A maser has been developed that is roughly the size of a grain of rice, possibly signifying a major advance in the development of quantum computers.

Masers are similar to lasers, except they use microwaves instead of light to create a beam.

Princeton University researchers linked together pairs of artificial molecules, made of semiconducting material, known as quantum dots. Extremely thin nanowires, constructed from indium arsenide, were used to connect the tiny units to each other. The pairs were then placed inside a tiny well of niobium, a superconductor, about one-quarter inch apart from each other. That cavity was lined with mirrors on two sides. When a stream of individual electrons was fed to the system, the quantum dots produced microwave radiation, which bounced between the mirrors, creating a focused beam, similar to a laser.

"The double quantum dot allows them full control over the motion of even a single electron, and in return they show how the coherent microwave field is created and amplified. Learning to control these fundamental light-matter interaction processes will help in the future development of light sources," Claire Gmachl, an electrical engineering professor at Princeton University, said.

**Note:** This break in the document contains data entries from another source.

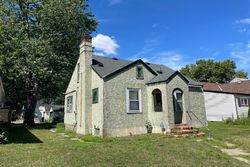 Pre-foreclosure in  DUPONT AVE N Minneapolis, MN 55430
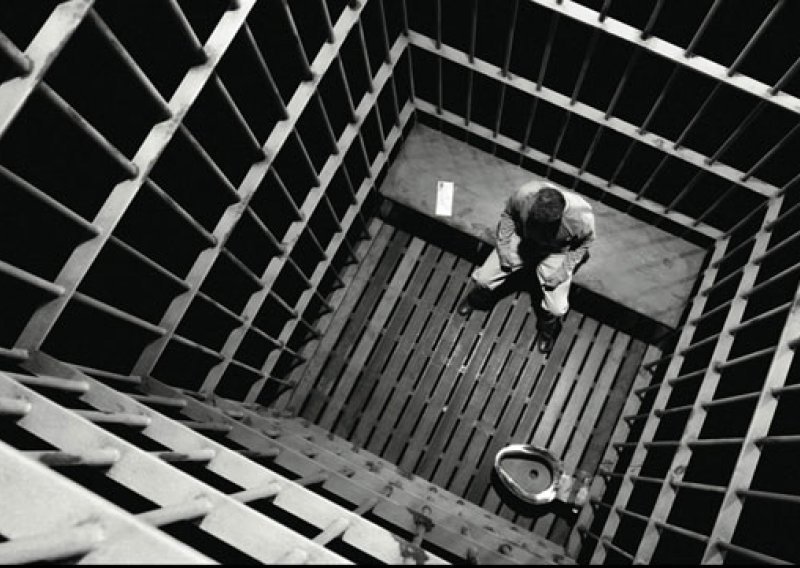 Zatvoreniku u Srbiji na nogu stavljen odašiljač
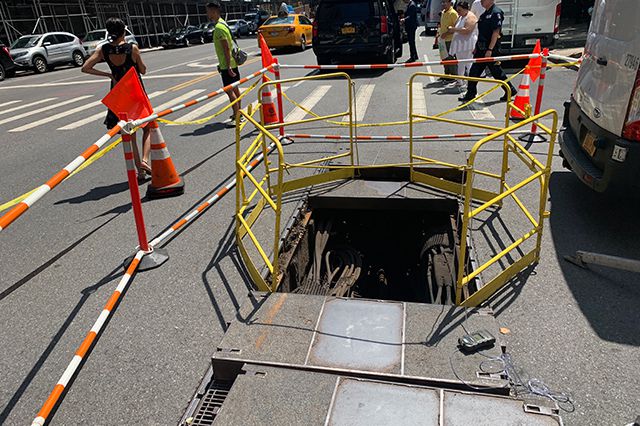 The manhole containing the bad, bad cable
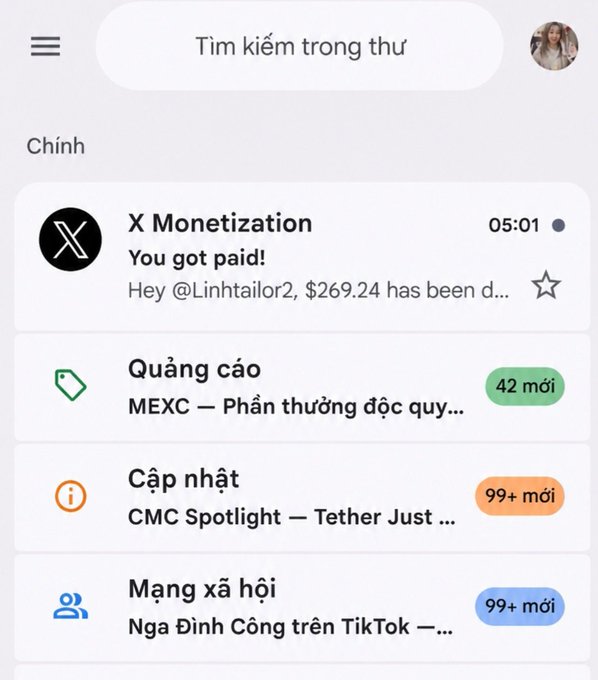 A screenshot of a mobile email inbox in Vietnamese, showing folders for "Quảng cáo," "Cập nhật," and "Mạng xã hội," along with a notification from "X Monetization" stating "You got paid! Hey @Linhtailor2, $269.24 has been d..."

Masers (short for microwave amplification by stimulated emission of radiation) have been discussed and theorized by physicists for decades. The first primitive maser was constructed in 1953 at Columbia University. However, these early devices had to be cooled to a temperature just above absolute zero, preventing widespread adoption of the technology. In 2012, physicists from Imperial College London and the National Physical Laboratory developed the world's first practical room-temperature maser.

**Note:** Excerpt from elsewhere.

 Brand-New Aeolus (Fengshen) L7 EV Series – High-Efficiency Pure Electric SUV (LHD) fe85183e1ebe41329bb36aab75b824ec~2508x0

Quantum dots are capable of absorbing electromagnetic energy at one wavelength, and emit light at a different frequency. The devices are already being used in some electronic devices, and could significantly improve the performance of televisions, smartphones and other electronic displays.

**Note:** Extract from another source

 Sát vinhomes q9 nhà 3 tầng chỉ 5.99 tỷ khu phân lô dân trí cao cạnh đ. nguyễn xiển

Princeton researchers created the new device in order to study how these pairs could be used to manage quantum bits, the basic unit of computation in quantum computers.

"I consider this to be a really important result for our long-term goal, which is entanglement between quantum bits in semiconductor-based devices," Jacob Taylor from the Joint Quantum Institute at the University of Maryland-National Institute of Standards and Technology, said.

Quantum computers could herald a new age in information technology, processing data far faster than is currently possible utilizing silicon-based systems. While a modern-day processor works on one calculation at a time, a quantum microchip would handle millions of calculations at once. A future 30-qubit computer might operate 1,000 times faster than a contemporary desktop system.

Semiconductor double quantum dot micromaser, an article detailing the development of the new maser, was published in the journal Science.